“Fortunately, I met many nice teachers in my life who gave me encouragement. That’s why I chose to become a teacher,” she continues. After completing her degree, Lung started working as a full-time teacher in a secondary school.
In the classroom, Lung found students seemed to lack the initiative to learn. She wanted to find a way to get them more interested in their lessons. She thought songs would be perfect teaching tools because students love listening to pop music. They could help spread positive messages if the teenagers who listened to them learned the meanings of lyrics.

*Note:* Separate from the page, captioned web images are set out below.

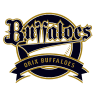 Orix Buffaloes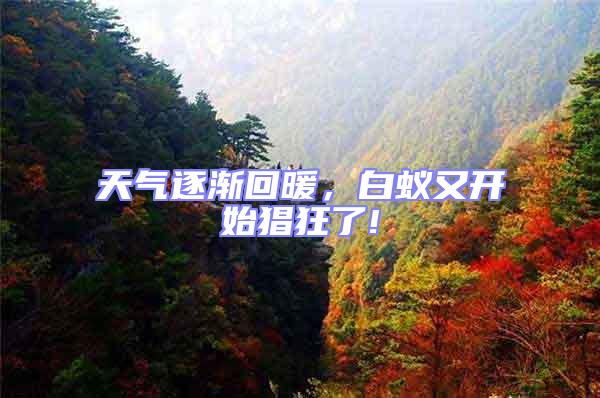 天氣逐漸回暖，白蟻又開(kāi)始猖狂了!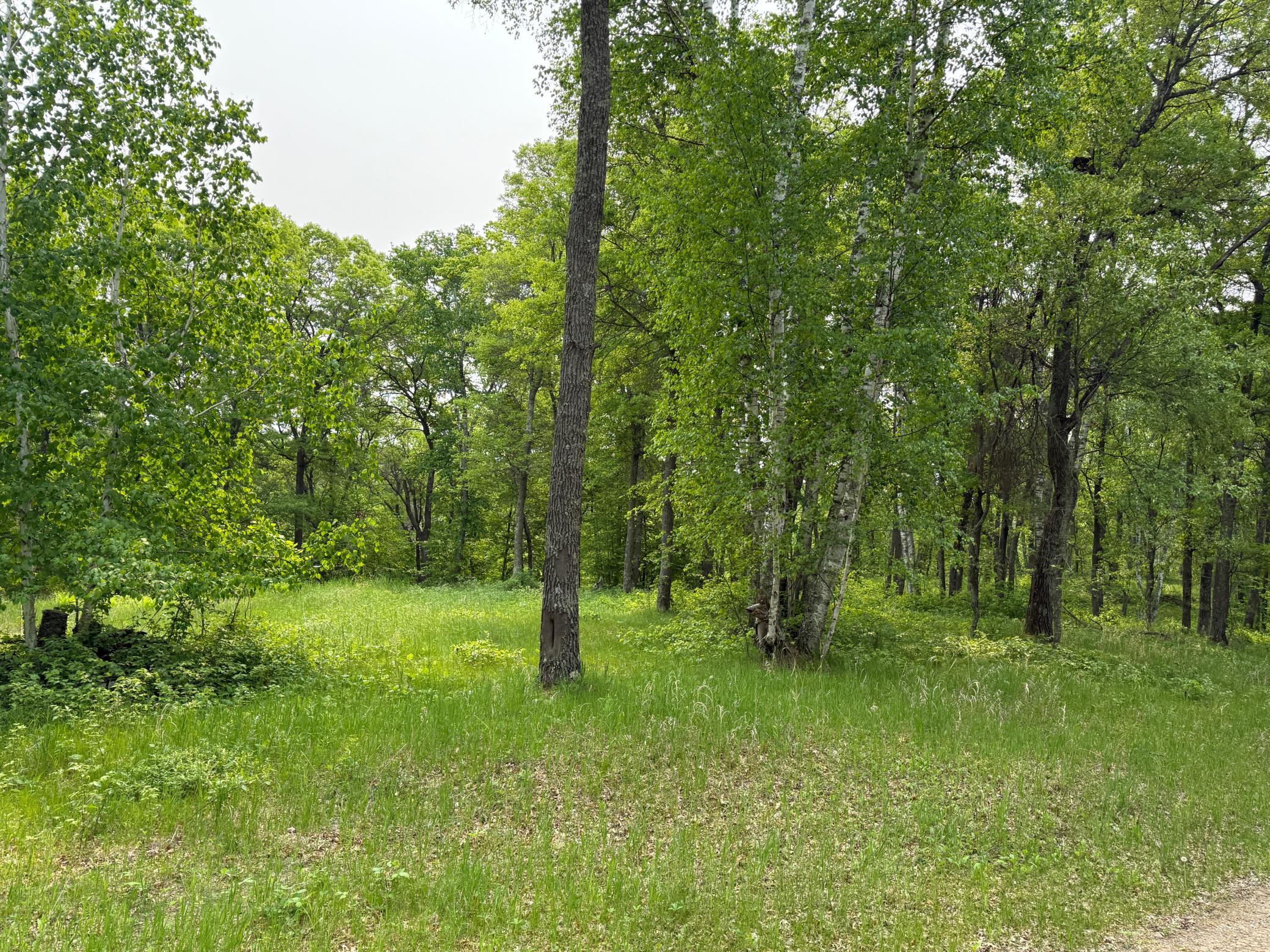 land for sale at TBD Little Bass Lake Rd in Baxter, MN (photo 14 of 27)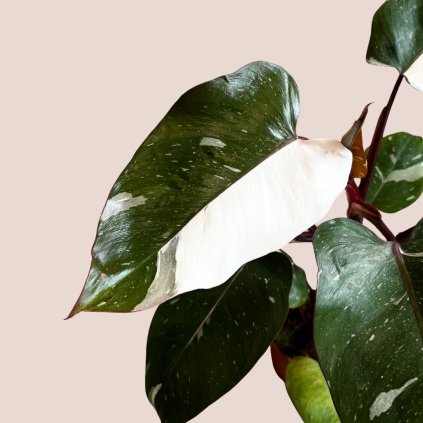 Philodendron White Princess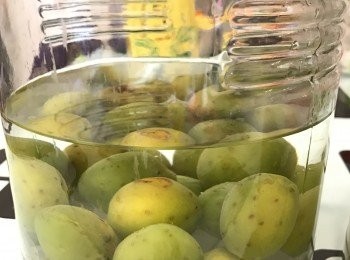 step4: 記得間中要把瓶轉一轉，令冰糖可平均溶解酒內。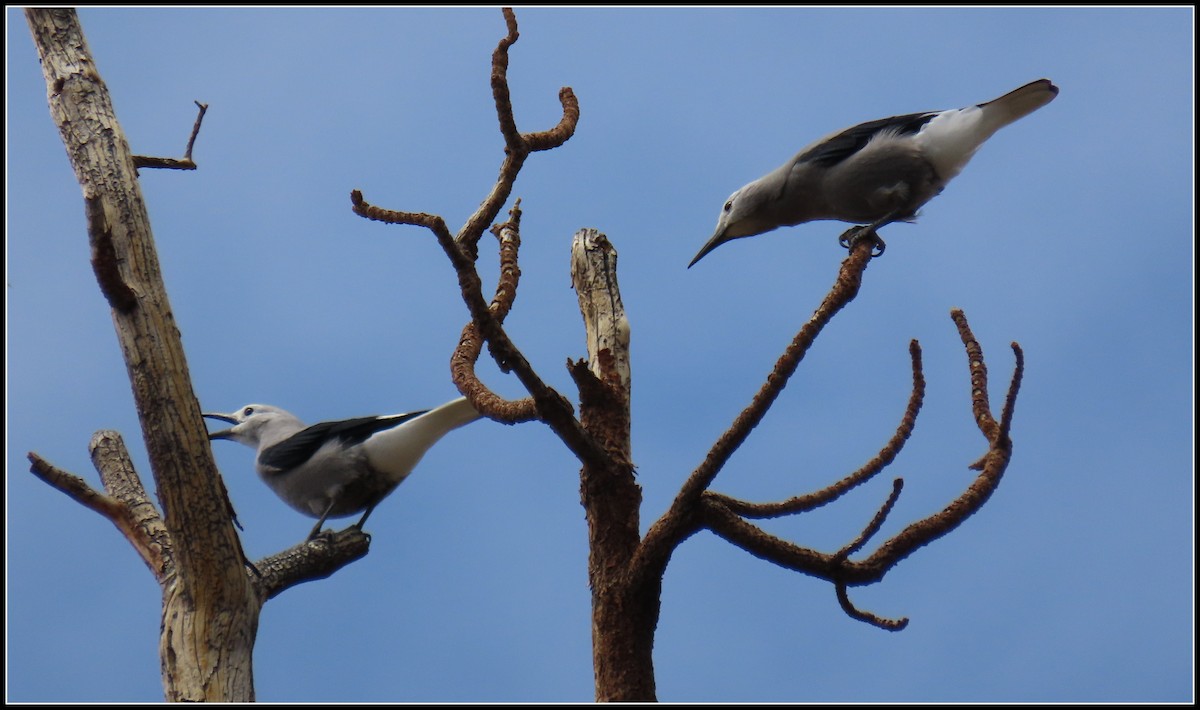 Clark's Nutcracker - ML471189991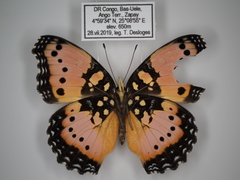 Precis octavia octavia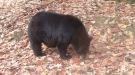 Would You Call A Bear's Bluff?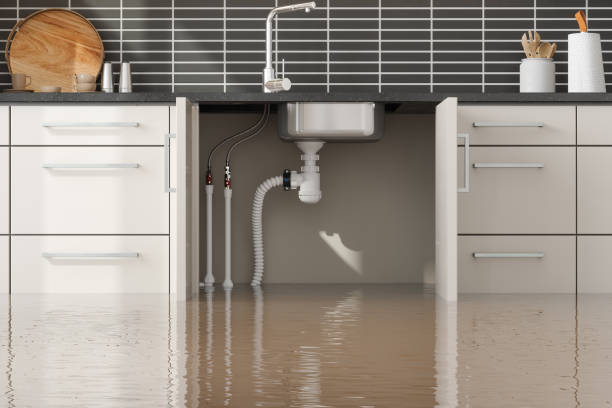 Best Sewage cleanup and water damage restoration  in , OR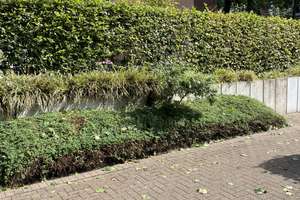 Helle 3-Zimmer-Gartenwohnung in Köln-Niehl - Pure Wohnqualität im "Brunnenplatz Veedel"  – 50735 Niehl, Köln – Vorschaubild 19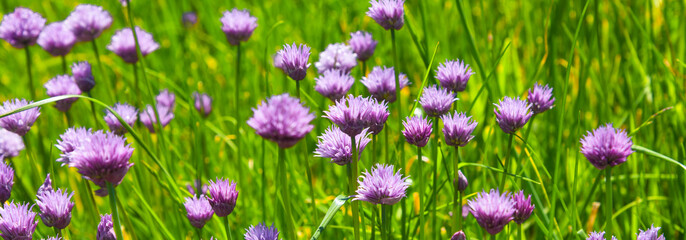 Obraz premium Field of blooming chives onions close-up - panoramic rural background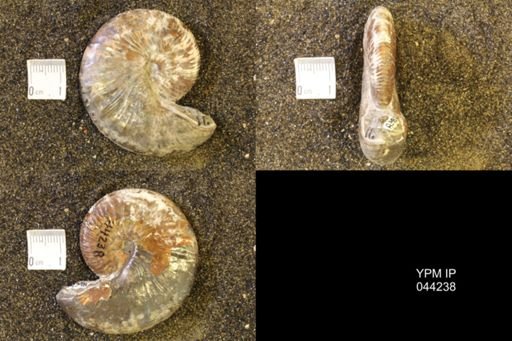 Hoploscaphites comprimus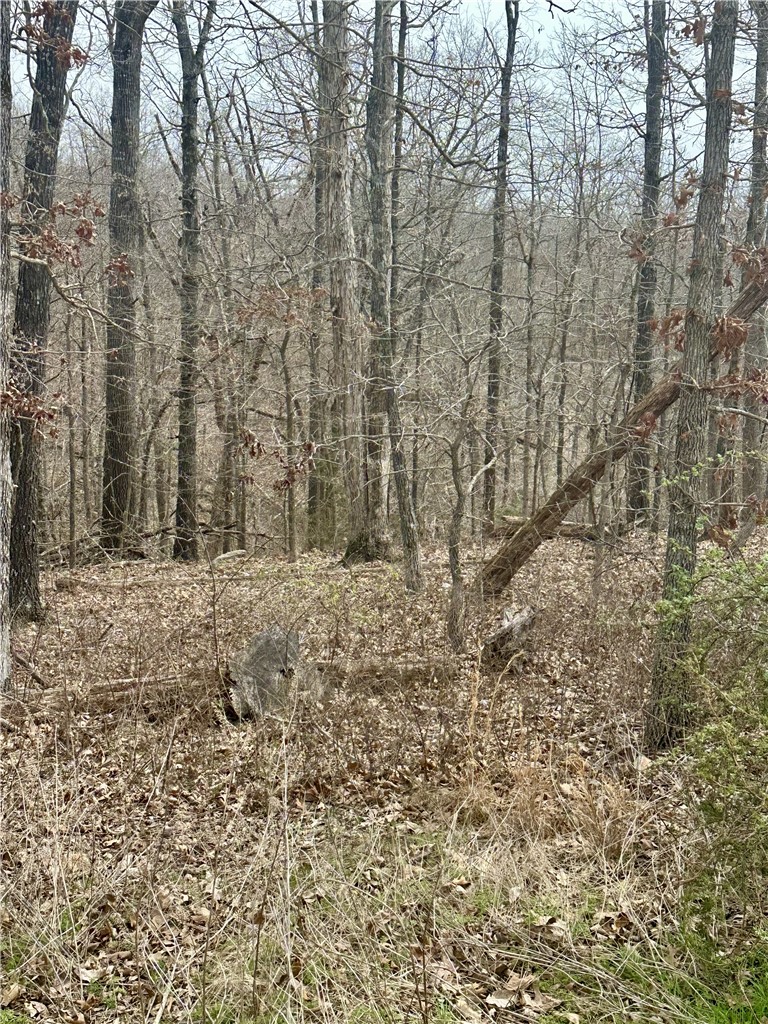 Islay Sub Bvv - Land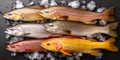 Fresh Assortment of Diverse Trout on Ice, Showcasing Vibrant Colors and Unique Patterns Royalty Free Stock Photo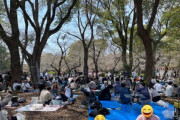 上野公園､桜の木の枝を見ながら酒を飲む謎の会場と化す
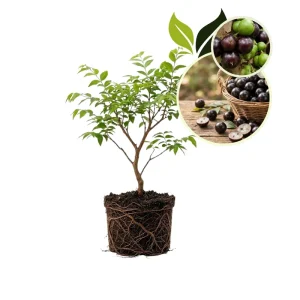 Jaboticaba Live Plant 1ft Tall - Brazilian Tree Grape Starter Indoor/Outdoor - Image 1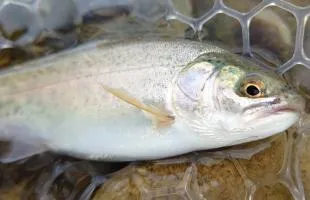 北海道・十勝川は“虫”。スピナーで美しいニジマスを釣る！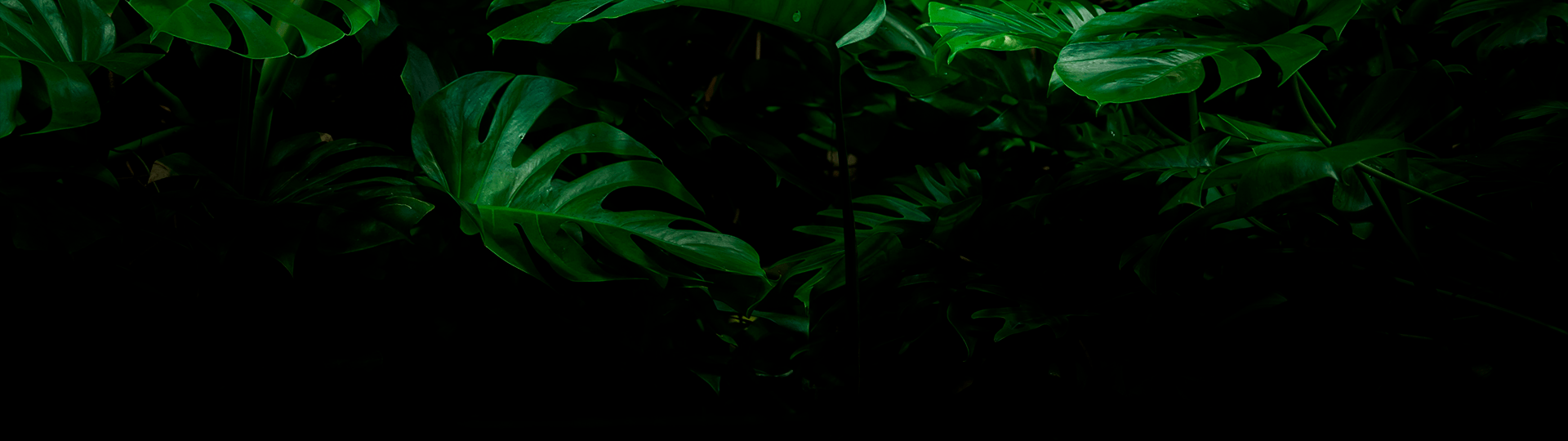 Jungle Flora CBD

Last January, Lung shared her insight on her Facebook page. Dean Siu, her present manager, read the Facebook status and invited her to help rewrite lyrics of popular songs for him. Lung’s first attempt was to rework the lyrics to Canto-pop star Eason Chan Yik-shun’s Bitter Gourd.
The new version, Banana, was uploaded to YouTube. The singer’s name was given as Lung Siu-kwan. Explaining her stage-name, Lung says “Lung” symbolises the descendent of dragon, while “Kwan” means fungus in Chinese. “No matter how adverse the conditions are, I can persist and fight, like a fungus,” she says.
Lung Siu-kwan’s Banana track got more than 200,000 views in a short time and Lung received a lot of positive feedback. She decided to continue publishing songs on the internet as well as teaching. However the tight teaching schedule left little room for her to realise her ideas about education in class.
“The situation back then made me change my way of thinking. I hoped to continue my work in education using the lyrics I wrote,” she says. “I am an imaginative and creative person, so I decide to educate in another way.”
When a secondary school sent the internet singing sensation Lung Siu-kwan an invitation to perform in April, Lung felt she was ready for some changes and agreed. “I hoped I could sing in live shows and interact with audiences,” she recalls.
The only problem was Lung was still a full-time teacher and performing publicly would affect her job.